Transat Jacques Vabre: Bittersweet arrival for 11th Hour Racing Team’s Mālama

On November 28 at 2204 local time, 11th Hour Racing Team’s brand new 60-foot race boat ‘Mālama’ crossed the finish line of the Transat Jacques Vabre in Fort-de-France, Martinique, taking 13th place in the 22-strong IMOCA Class.

Starting in Le Havre, France, on November 7, the 60-foot offshore race boat, co-skippered by Charlie Enright (USA) and Pascal Bidégorry (FRA), crossed the Atlantic ocean in 21 days 13 hours and 37 minutes, successfully completing its first major race since launch at the end of August this year. 

Marked by unseasonably light winds, this 15th edition of the biennial race turned out to be a slow slog from the French port, around the turning mark at Fernando de Noronha off the east coast of Brazil, before finishing in the Caribbean some 6,890 nautical miles (7,928 miles or 12,760 kilometers) later.

Mālama had a strong start to the race, consistently in the top five, before damage to the non-structural keel fin fairing was discovered on day 13. This forced the crew to sail at no more than 70 per cent of the maximum speed possible for the final week of the race. 

Pascal Bidégorry and Charlie Enright doing peace signs aboard Mālama.
Pascal Bidégorry and Charlie Enright.
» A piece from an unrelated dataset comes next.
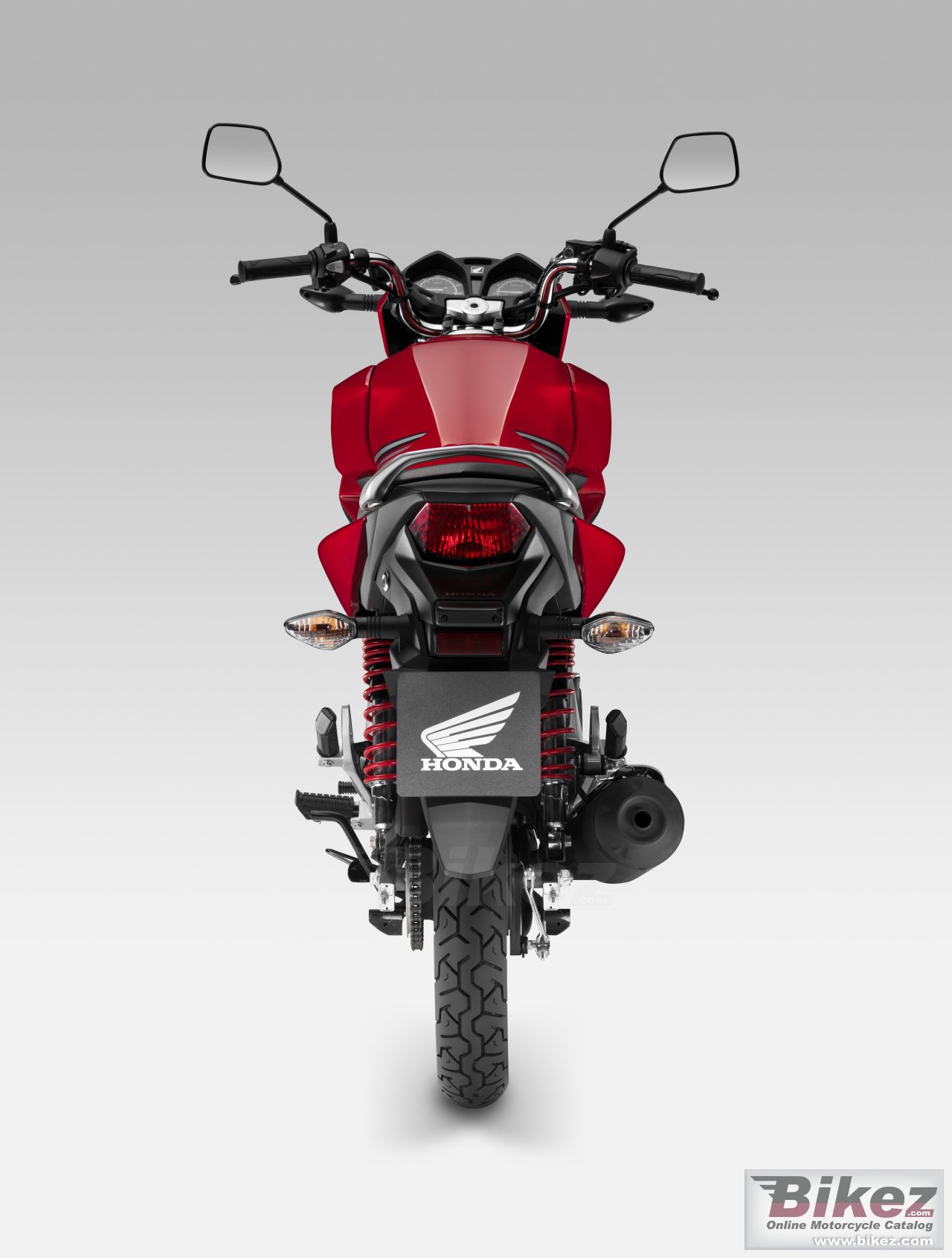 Thumbnail for Honda CB125F 2015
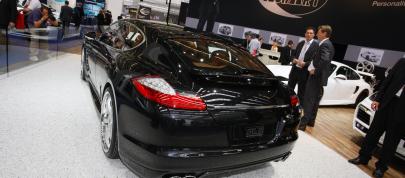 Porsche Panamera Frankfurt (2011) - picture 4 of 5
Pic – Jean-Louis Carli / Alea

Speaking in Martinique, Enright said: “We’ve arrived safely and that’s one measure of success for us –  I am proud that we have made it here. It was a race of two halves – there was a lot of good and a lot of bad as well, and the paradigm between the first half and the second half has been immense.

“We have had to dig really deep from a mental point of view to get here to Martinique as it would have been easy to give up and pull into Brazil. But our goal was to get to the finish line of the Transat Jacques Vabre and we’ve made it. It’s a victory of sorts.”

Multiple Transat Jacques Vabre veteran and former race winner Pascal Bidégorry commented: “It feels good to be here as it’s been painful onboard for a while. The characteristics of these boats is to fight on the water and go fast, and with the issues we had, we couldn’t do that. But even with the problems onboard we didn’t give up.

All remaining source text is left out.